Nokia Siemens Network, for one, has deployed its Flexi base station in the Indian market. Though it hardly needs an introduction, the Flexi is a hallmark of sustainable design and energy efficiency. It is so light it can be carried on foot and has survived tests in environments ranging from the heat and humidity of India to Canada’s frigid coasts. Most importantly for the Indian market, the Flexi was developed to work without the need for external air conditioning, typically bringing a 30 percent reduction in site energy consumption.
|
Emerging markets also make ready use of renewable energy to supplement their network’s power needs. One of the most notable examples is Ericsson’s “Tower Tube,” an energy-optimized, wind-powered radio base station site. The design takes Ericsson’s existing energy-conserving Tower Tube and tops it with a four-blade turbine with five-meter blades that are vertically attached to the tower.
The wind turbine is an addition to the tower tube, an award-winning design that has a smaller footprint and lower environmental impact than traditional steel towers. The tube construction encloses base stations and antennas within a concrete tower. Carbon emissions related to materials, production and transportation are 30 percent lower with the Tower Tube design, which also has no need for feeders and cooling systems. The company reports that the tower’s power consumption is 40 percent lower than traditional base station sites.
THE SOFTWARE APPROACH
Eco-friendly network solutions extend beyond flashy, eye-catching items like the Tower Tube. Diminutive solutions like energy reduction algorithms, power modulation and network optimization software comprise an important part of network greening and have brought software companies into the eco-friendly fold.
|
Network optimization firm Aircom was drawn in the eco-conscious market by its parallels with cost savings and network efficiency. “It was a business-driven enterprise that has a lot of alliances to going green and helping operators reduce costs,” says Ricky Watts, Aircom’s solutions and innovation director.
One of the company’s solutions is an asset sharing software that allows two operators to share assets, lowering operating costs, energy consumption, floor space and battery usage. The company is also rolling out an end-to-end planning and dimensioning tool that goes beyond a radio-based solution, ultimately reducing carbon emissions and power consumption.

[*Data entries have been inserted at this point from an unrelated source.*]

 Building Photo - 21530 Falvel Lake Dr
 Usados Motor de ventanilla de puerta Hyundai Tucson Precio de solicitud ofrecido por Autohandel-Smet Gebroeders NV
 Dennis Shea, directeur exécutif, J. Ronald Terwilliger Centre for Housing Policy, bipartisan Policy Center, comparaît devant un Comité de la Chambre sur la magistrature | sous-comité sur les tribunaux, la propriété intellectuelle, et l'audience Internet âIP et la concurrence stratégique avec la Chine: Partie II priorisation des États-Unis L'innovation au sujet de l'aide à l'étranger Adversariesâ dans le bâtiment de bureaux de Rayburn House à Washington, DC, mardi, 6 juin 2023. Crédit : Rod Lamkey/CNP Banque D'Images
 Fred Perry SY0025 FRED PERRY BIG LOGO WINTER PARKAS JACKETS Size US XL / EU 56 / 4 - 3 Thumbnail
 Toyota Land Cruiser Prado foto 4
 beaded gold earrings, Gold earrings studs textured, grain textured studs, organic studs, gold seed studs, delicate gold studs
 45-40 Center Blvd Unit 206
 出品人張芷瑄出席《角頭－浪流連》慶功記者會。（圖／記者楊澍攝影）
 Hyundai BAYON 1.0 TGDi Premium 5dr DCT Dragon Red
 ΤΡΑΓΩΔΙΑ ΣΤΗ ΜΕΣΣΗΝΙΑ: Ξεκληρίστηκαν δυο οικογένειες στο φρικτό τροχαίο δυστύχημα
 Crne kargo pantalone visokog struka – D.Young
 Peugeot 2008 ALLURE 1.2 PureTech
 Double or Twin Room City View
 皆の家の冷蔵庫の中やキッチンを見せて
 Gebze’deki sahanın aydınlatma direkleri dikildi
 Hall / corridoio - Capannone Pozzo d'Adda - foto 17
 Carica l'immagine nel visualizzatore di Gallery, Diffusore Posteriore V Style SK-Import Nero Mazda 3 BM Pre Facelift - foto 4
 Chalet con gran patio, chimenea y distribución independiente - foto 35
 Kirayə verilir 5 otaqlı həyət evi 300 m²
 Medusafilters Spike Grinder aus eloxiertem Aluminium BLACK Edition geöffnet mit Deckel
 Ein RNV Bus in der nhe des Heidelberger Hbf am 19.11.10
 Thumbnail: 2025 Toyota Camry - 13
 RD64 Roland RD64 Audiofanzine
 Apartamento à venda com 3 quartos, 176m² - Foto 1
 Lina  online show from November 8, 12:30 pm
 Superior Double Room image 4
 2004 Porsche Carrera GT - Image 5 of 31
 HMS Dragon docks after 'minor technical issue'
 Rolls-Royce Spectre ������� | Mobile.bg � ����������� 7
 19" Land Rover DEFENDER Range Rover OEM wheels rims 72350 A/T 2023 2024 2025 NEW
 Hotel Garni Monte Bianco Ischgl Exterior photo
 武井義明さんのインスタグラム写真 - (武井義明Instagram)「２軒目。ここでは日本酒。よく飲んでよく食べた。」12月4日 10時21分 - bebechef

“We take the model that we’ve got and treat it as a green initiative to help companies reduce carbon emissions,” Watts says. The company’s software is flexible enough to allow operators to optimize network performance around a variety of different goals, including reducing carbon emissions.
Subtle approaches like power modulation are also an important part of the greening of the networks. For instance, instead of maintaining a constant output regardless of network traffic, modulating that output to decline during periods of low use can create substantial power savings.
In the end, it doesn’t have to be glitzy; it just has to be green.